President Obama’s budget revived a debate at the Capitol over energy policy and climate change.
As lawmakers like to say, “budgets embody values,” and on the Hill there’s no question over whether the president’s budget shows his values in regards to the nation’s energy sector. He wants to hike clean energy spending by seven percent and offer a myriad of states some four billion dollars if they clean up their air at a quicker pace. Virginia Republican Congressman Morgan Griffith says the budget would be another blow to his southwestern district.
“The president’s had a war on coal. Those people who don’t live in coal country can claim it’s not a war on coal but it is. And this is just another part of that -- you know, let’s take away these tax credits. He wants to do everything he can while he’s in office to eliminate coal and coal jobs. And unfortunately that means he’s hurting big parts of our economy and particularly the people of central Appalachia.”

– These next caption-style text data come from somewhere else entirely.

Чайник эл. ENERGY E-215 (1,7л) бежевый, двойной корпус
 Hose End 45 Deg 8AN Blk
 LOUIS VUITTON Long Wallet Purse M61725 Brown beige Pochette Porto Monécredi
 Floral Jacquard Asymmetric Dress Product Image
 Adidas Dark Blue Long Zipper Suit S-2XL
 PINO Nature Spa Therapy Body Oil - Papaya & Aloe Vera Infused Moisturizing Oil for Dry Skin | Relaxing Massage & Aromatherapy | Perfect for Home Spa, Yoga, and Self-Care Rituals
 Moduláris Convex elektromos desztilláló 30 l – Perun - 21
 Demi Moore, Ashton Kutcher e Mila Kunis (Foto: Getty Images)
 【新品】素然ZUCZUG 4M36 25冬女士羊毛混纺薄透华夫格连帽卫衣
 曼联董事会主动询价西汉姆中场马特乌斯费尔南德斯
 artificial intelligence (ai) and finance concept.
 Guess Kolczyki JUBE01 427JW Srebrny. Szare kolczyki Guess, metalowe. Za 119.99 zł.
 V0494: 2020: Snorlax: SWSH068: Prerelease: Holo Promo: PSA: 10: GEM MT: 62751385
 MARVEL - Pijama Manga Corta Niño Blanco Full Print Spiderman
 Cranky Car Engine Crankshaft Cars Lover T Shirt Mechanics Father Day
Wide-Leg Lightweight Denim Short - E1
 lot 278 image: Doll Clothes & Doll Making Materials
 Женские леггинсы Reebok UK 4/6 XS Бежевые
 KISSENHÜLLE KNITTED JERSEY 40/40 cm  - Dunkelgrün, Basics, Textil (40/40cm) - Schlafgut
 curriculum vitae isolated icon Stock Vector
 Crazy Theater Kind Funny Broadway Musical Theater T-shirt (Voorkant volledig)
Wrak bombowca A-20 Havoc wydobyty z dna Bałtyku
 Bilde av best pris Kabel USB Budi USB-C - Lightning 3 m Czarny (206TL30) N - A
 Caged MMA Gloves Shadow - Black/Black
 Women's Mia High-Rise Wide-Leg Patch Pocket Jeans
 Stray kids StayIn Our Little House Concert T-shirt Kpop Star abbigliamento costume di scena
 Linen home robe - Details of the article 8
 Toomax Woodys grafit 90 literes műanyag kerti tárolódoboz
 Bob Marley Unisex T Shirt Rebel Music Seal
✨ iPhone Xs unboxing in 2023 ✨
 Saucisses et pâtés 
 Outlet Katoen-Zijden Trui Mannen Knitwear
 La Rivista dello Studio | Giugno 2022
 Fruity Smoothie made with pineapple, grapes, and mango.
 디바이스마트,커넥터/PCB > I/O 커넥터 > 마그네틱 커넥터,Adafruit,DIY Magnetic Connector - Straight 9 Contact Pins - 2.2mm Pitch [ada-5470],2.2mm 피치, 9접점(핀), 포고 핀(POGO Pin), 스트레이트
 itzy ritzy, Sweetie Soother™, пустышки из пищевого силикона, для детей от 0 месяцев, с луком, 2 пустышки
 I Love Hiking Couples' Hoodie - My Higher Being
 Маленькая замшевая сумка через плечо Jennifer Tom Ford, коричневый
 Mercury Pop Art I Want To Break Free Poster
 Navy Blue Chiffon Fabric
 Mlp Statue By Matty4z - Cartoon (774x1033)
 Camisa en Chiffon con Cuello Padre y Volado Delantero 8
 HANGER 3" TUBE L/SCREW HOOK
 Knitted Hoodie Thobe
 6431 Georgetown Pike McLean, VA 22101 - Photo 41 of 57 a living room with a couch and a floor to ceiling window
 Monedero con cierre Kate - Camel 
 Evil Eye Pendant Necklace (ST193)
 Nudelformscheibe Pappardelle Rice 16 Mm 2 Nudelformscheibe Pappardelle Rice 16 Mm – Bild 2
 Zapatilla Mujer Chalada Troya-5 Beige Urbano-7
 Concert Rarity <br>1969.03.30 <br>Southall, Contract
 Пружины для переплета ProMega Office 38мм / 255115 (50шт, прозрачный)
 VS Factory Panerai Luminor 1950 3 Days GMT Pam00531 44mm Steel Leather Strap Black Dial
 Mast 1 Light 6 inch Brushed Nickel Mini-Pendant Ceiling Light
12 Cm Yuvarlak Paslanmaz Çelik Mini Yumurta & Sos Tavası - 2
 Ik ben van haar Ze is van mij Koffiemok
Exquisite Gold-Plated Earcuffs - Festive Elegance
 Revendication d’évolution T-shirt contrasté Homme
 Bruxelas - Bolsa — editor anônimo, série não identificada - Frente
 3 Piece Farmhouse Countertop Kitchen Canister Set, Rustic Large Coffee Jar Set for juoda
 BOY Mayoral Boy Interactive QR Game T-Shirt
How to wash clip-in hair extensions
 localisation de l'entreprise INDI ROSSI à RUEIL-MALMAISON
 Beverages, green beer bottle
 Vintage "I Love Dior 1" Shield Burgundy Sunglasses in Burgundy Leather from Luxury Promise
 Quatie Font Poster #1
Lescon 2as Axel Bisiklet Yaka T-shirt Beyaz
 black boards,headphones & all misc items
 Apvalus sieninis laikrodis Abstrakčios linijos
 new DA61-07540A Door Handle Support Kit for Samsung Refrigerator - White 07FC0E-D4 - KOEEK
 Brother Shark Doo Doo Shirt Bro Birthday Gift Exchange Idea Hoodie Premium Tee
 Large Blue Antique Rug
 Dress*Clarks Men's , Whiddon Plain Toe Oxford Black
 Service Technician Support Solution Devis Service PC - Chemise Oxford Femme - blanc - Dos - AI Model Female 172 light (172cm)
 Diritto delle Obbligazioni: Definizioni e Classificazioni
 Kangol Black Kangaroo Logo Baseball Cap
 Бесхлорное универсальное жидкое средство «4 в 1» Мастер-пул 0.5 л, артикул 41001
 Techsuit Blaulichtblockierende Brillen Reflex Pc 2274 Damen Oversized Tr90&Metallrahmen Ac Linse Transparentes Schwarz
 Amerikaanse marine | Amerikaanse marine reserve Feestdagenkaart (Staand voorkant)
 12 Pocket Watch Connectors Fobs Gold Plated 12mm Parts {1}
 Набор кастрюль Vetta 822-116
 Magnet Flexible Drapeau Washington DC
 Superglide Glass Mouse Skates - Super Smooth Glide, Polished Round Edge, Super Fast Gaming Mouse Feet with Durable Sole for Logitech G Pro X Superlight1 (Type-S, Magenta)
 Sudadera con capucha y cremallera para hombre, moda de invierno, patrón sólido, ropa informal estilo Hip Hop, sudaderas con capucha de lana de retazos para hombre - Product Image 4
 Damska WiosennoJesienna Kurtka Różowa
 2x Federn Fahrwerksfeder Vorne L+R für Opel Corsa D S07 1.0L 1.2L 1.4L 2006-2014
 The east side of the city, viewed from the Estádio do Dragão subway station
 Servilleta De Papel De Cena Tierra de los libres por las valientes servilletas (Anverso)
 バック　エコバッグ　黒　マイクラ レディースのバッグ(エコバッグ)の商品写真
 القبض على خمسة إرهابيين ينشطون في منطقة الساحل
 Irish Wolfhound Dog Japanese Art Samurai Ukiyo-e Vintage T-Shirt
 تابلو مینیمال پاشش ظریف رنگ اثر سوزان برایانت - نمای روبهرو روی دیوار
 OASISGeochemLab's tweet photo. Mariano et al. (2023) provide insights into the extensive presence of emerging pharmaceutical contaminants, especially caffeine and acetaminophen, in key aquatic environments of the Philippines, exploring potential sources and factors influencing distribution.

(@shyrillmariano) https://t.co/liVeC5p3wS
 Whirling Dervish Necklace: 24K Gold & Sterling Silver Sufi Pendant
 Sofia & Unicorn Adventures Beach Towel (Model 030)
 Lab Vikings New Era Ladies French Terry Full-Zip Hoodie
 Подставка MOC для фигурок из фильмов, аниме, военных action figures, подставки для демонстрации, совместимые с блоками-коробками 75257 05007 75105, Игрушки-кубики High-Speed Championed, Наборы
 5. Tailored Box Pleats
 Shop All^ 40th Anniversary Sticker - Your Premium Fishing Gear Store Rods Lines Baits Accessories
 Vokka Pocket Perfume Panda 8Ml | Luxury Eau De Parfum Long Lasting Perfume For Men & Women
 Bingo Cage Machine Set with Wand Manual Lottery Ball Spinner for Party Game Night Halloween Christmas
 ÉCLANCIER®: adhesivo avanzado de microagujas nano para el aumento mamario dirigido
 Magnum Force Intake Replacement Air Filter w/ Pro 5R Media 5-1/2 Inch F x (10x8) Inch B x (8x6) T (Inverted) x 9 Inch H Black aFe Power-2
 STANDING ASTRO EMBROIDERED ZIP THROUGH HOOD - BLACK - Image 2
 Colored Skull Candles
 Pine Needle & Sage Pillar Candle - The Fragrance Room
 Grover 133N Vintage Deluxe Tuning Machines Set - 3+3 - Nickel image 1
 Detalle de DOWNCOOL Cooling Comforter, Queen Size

Whether there’s a war on coal, a war on warming temperatures, or both, this year’s White House budget rekindled the Capitol Hill debate over global warming for the first time in years. Virginia Republican Congressman Rob Wittman dismisses the budget.
“Well it certainly a political document. Obviously, the House is going to set its course through the development of the budget. It’s an exchange of ideas. You know, there’s a lot of different thoughts about where we go.”
Wittman says he’s disappointed the president isn’t putting more money into so-called clean coal technologies.
“If we put the resources into that, in the research and development, I think we can do that and do that very cleanly, very efficiently and do it in ways that help the U.S. economy. So I don’t think we ought to divest in developing our sources of energy.”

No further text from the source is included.